The opposition Labor Party played heavily on this point during its campaign, comparing Likud to a dirty shirt that needed changing after so long.
One of the reasons, Labor TV spots sugggested, was that Likud's lengthy spell in office had encouraged corruption in party ranks, and this charge stuck. "A lot of this election was about chucking out the rotten apples," says Peter Medding of Hebrew University.
At the same time, the Likud failed to make the Middle East peace process, potentially a vote-winner, the top issue in the electorate's mind. Unusually for Israel, "people voted on domestic issues, and Labor dictated the agenda" in that sphere, according to Yossi Olmert, a Likud official in charge of the Government Press Office.
The result was that Likud ceded ground even among its bedrock supporters, poorer Sephardic Jews of non-European origins, lost heavily among the middle-class voters who had given Likud the edge in recent elections, and failed badly among new immigrants from the former Soviet Union now struggling to make a living.
Fifty-eight percent of the new Russian immigrants who voted chose Labor or the left-wing Meretz Party, while only 18 percent voted for Likud, according to an exit poll conducted for Israeli television. That contributed four seats to Labor's advantage over the Likud.
Meanwhile, Yitzhak Rabin's leadership of the Labor Party - a focal point of Labor's campaign - undoubtedly contributed to Likud's downfall. "People had reasons to vote against the Likud before, but they were never enough to bring them to vote for [Shimon] Peres," Labor's previous leader, says Mr. Kleiner. "This time it was different." It also helped, says Naomi Chazan, a new Meretz member of the Knesset, "that for the first time in 15 years it was the left that was united and the right that was fragmente d."
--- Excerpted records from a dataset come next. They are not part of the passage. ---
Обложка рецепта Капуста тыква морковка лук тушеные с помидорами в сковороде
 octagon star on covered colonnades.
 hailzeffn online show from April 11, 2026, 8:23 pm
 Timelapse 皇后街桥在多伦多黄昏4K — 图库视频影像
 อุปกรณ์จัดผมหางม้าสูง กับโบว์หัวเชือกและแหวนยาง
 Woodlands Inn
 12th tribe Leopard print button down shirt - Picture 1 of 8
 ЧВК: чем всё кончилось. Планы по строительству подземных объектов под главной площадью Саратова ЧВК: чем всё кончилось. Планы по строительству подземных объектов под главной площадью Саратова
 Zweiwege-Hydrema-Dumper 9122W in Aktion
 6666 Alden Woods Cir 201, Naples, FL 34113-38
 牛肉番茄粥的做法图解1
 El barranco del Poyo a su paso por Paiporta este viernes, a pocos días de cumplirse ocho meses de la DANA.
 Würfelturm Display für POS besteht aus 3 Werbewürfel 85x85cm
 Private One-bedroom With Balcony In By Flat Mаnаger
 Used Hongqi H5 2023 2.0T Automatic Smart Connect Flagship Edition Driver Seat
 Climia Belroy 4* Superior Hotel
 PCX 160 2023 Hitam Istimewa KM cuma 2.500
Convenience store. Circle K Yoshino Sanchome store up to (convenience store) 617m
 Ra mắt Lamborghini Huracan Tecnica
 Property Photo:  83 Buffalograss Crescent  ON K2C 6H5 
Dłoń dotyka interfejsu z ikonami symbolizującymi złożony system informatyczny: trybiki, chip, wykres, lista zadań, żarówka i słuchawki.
As the Likud prepares to go into the opposition, Mr. Shamir has intimated that he is planning to resign as party leader, but the question of who will replace him is complicated by the fact that there is no fixed mechanism to choose a successor.
Defense Minister Moshe Arens, Housing Minister Ariel Sharon, and Foreign Minister David Levy are all jockeying for position, as are two younger leaders popular in Likud ranks, Benjamin Begin, son of the late Prime Minister Menachem Begin, and Benjamin Netanyahu.
"The sooner the Likud votes for a new leader the better, but I don't think they can decide quickly on how to do it," says one senior Likud official. "It's going to be a big problem."
The competition for the Likud's top slot is expected to be bitter. "The knives are not yet out," says Professor Medding. "But they are sharpening them."